Top of RAW DATA

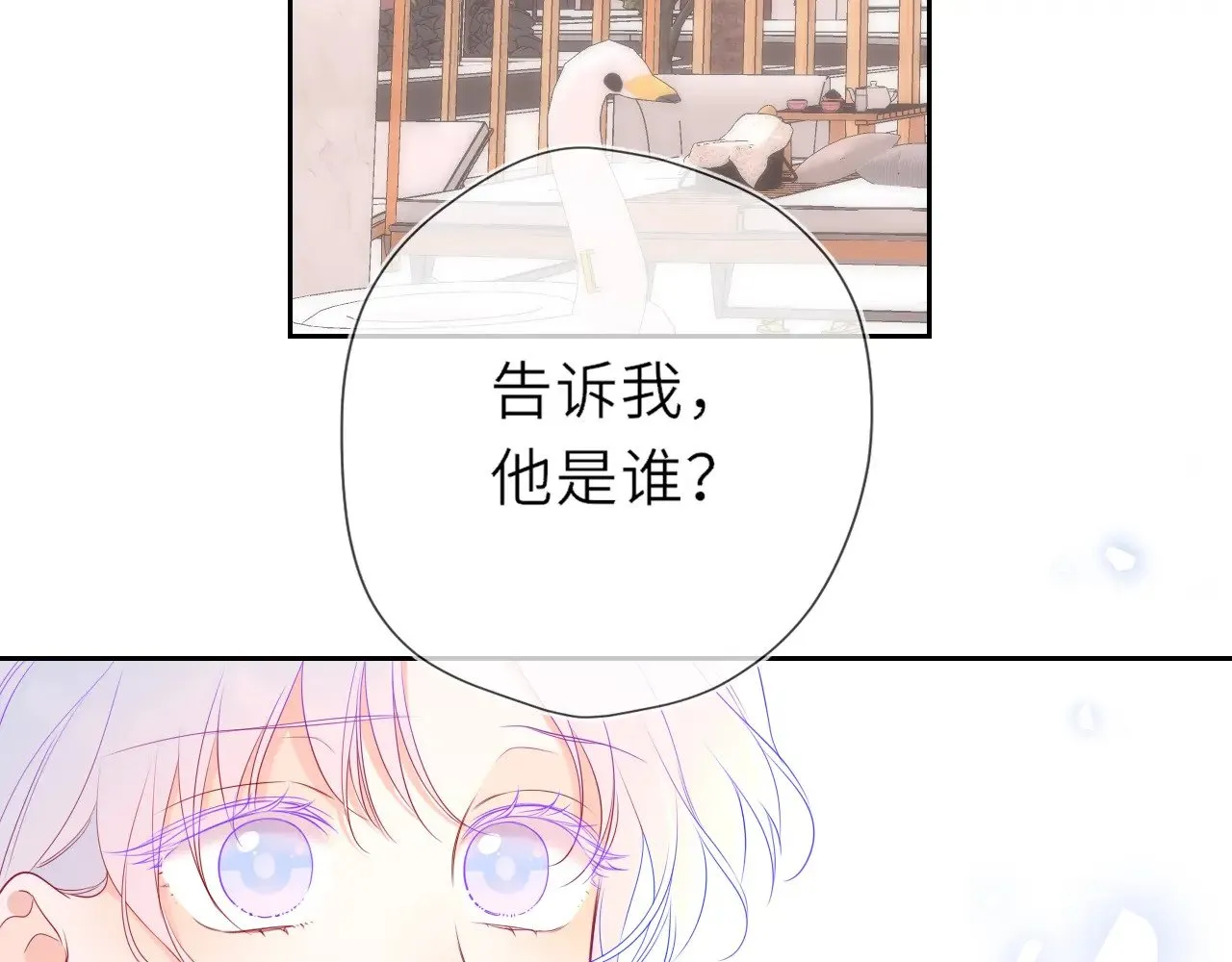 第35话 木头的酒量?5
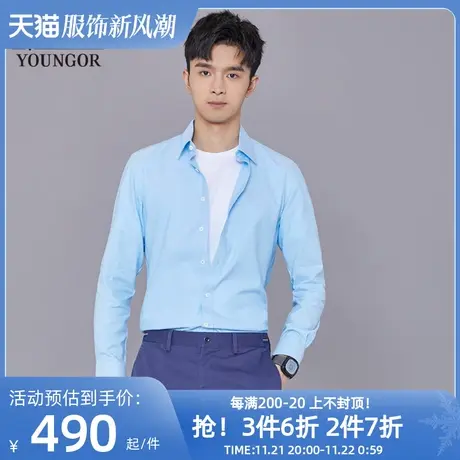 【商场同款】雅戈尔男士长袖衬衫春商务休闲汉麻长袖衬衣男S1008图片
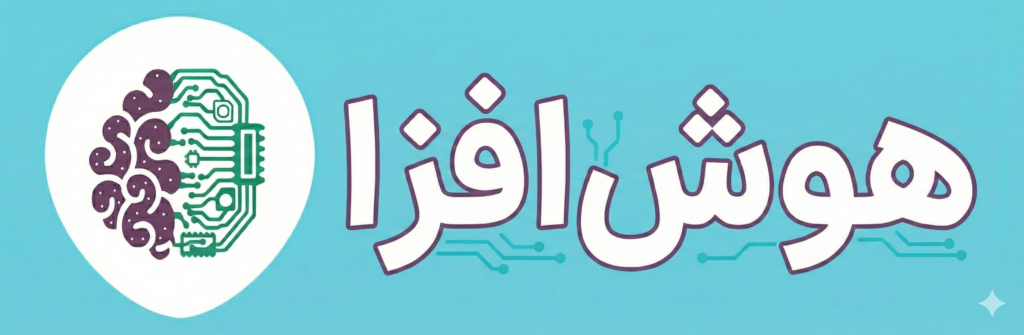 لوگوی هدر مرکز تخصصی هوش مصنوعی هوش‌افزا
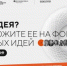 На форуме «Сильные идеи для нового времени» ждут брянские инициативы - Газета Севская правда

Bottom of RAW DATA

▸ **THE PROBLEM**:
Copy out all the data above exactly, minus the images.

▸ **THE COMPLETED TASK**:
 第35话 木头的酒量?5
 【商场同款】雅戈尔男士长袖衬衫春商务休闲汉麻长袖衬衣男S1008图片
 لوگوی هدر مرکز تخصصی هوش مصنوعی هوش‌افزا
 На форуме «Сильные идеи для нового времени» ждут брянские инициативы - Газета Севская правда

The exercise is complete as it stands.